Antje wird sicher Wert darauf legen, Ihnen alles zu zeigen. Sie hat reiten gelernt. Im Übrigen ist sie eine leidenschaftliche Tiernärrin. Sie ist fast täglich in Bachenau und beschäftigt sich im Tierheim. Sie werden kaum darum herumkommen, das Heim zu besichtigen.«
»Wenn das für Ihre Tochter und Ihren Schwiegersohn am Sonntag keine Störung bedeutet?«
»Aber nein. Machen Sie sich deswegen keine Sorgen. Also, bis Sonntag, Frau Martell. Ich werde Antje von Ihnen grüßen, wenn sie nachher aus der Schule kommt.«
Hanna bedankte sich und legte den Hörer auf.
Antjes Liebe zu den Tieren war eindeutig ein Erbteil von Georg Pflug. Er mochte einen minderwertigen Charakter haben und mit dem Gesetz in Konflikt geraten sein. Doch die Tatsache, dass er mit Tieren ausgezeichnet umgehen konnte, ließ sich nicht abstreiten.
Ist es möglich, dass Antje neben der Tierliebe auch den Hang ihres Vaters zum Verbrechen geerbt hat?, überlegte Hanna. Es war eine Frage, die sie tief verwirrte und erschreckte.

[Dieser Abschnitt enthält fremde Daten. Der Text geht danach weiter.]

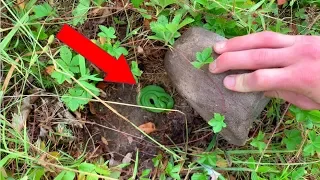 Flipping Rocks to Find Colorful Little Snakes!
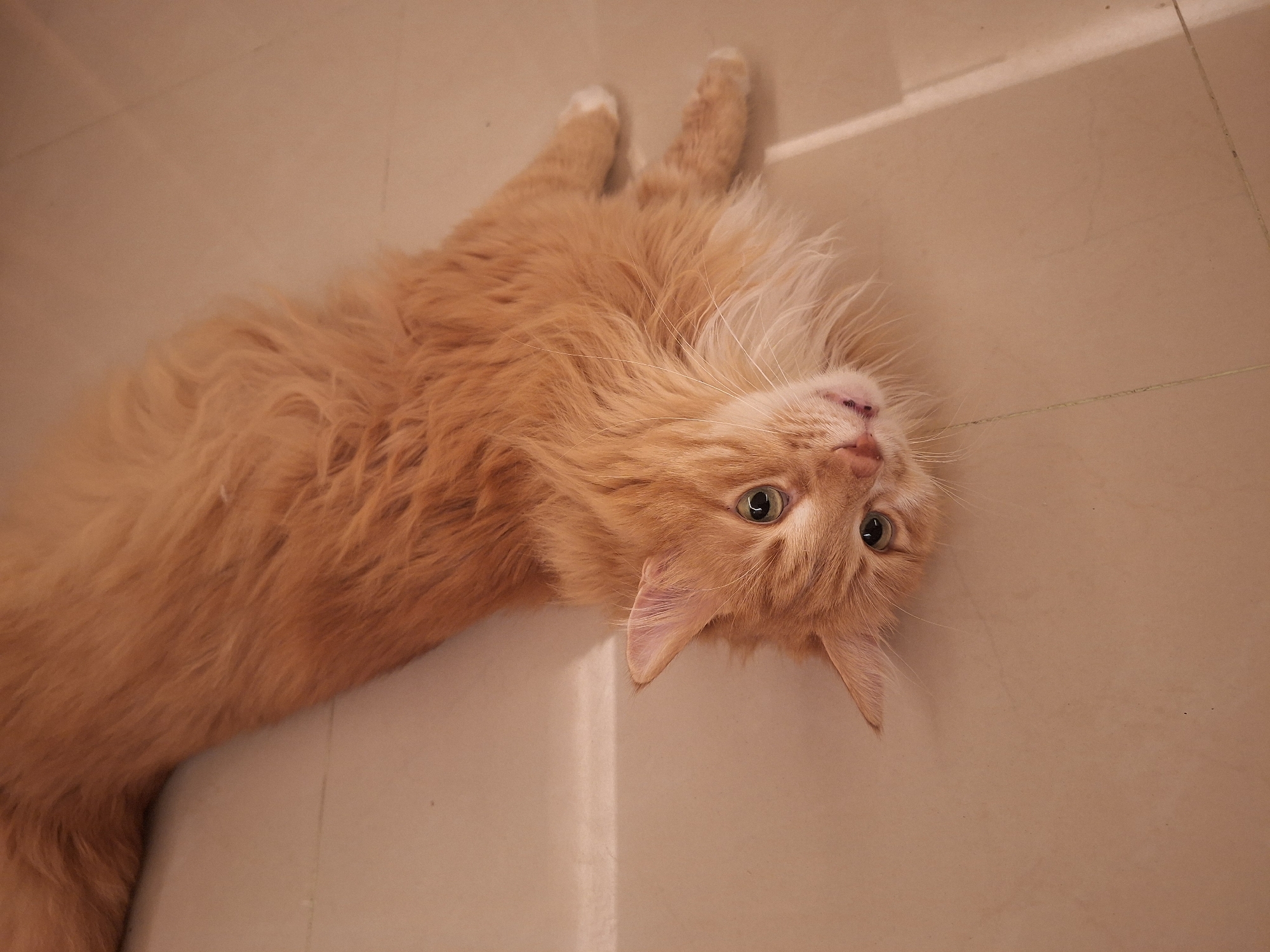 An orange, long-haired cat is lying on a tan tile floor with a grout line. The cat is oriented with its head near the grout line, upside down. The cat has green eyes, white whiskers, and white markings on the tips of its paws. The cat is lying still. The photo was taken indoors. There is no indication of a location in Varna, Bulgaria.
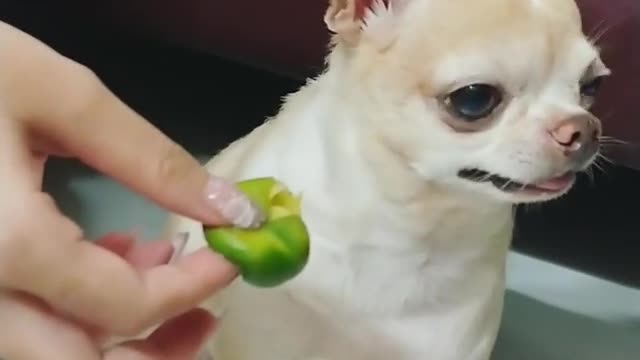 Dog eats kumquat and its expression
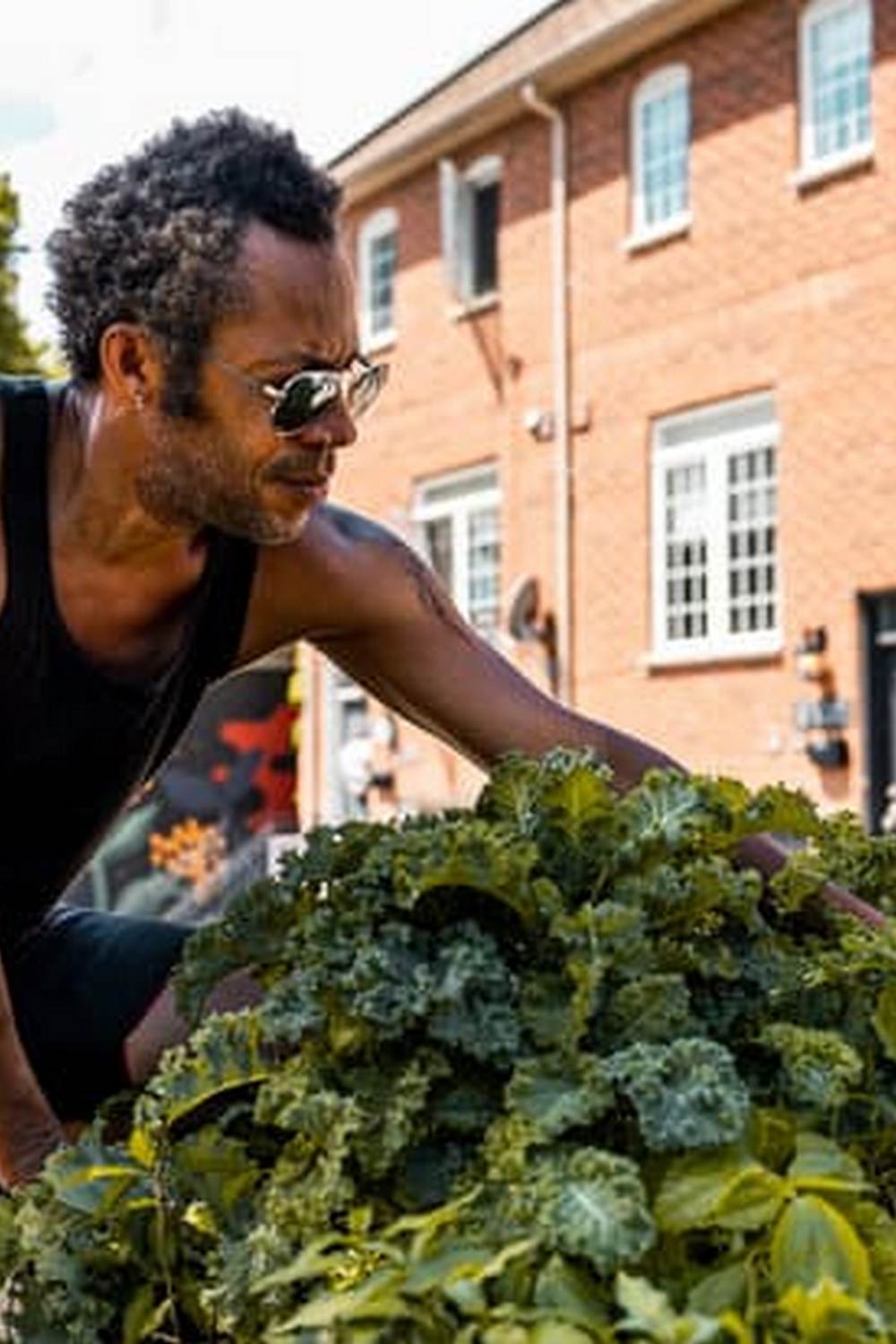 safe, effective, organic solution for pest control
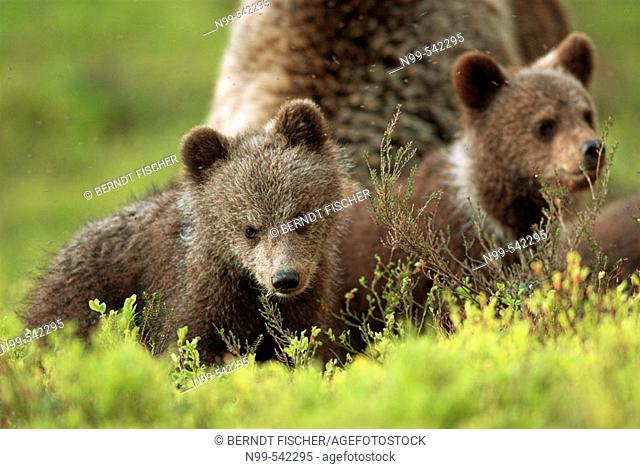 Brown Bear (Ursos arctos), female with cubs,  pine forest, Carelia, Finland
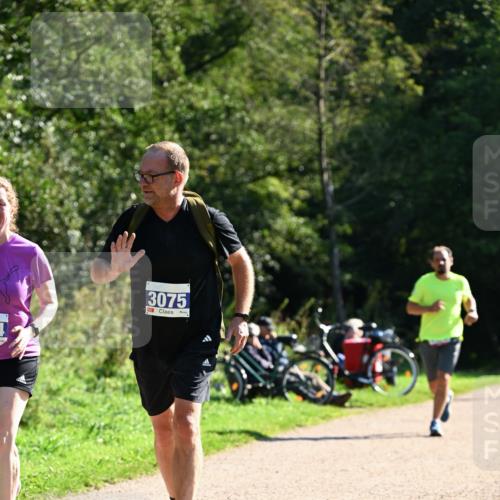27.09.2026 - 35. Volkslauf durch das schöne Alstertal Dr. Thomas Lammeyer http://msf.ph/oto/10576504 27.09.2026 11:44:44 Laufen 3075 meine-sportfotos.de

Nein, Antje war gut geartet, liebevoll und aufrichtig. Gewiss hatte Georg Pflug in seiner Jugend unter schlechtem Einfluss gestanden und hätte sich anders entwickelt, wenn ihm der rechte Weg gewiesen worden wäre. Trotzdem war dieser Gedanke ein Grund mehr, Klaus gegenüber zu schweigen.
Werde ich das durchhalten?, fragte sich Hanna. Kann ich von Georg Pflug die feste Zusage erkaufen, dass er mir meinen Frieden lässt, wenn ich ihm mein gesamtes Geld gebe?
Hanna grübelte und sann. Immer mehr Probleme und Fragen bedrängten sie. Schließlich raffte sie sich auf, um das Mittagessen vorzubereiten, denn ihr Mann pflegte zu Hause zu essen, wenn es sich einrichten ließ. Doch als alles fertig war, läutete das Telefon. Eine Schwester richtete ihr aus, dass der Herr Professor wegen einer dringenden Operation nicht kommen könne.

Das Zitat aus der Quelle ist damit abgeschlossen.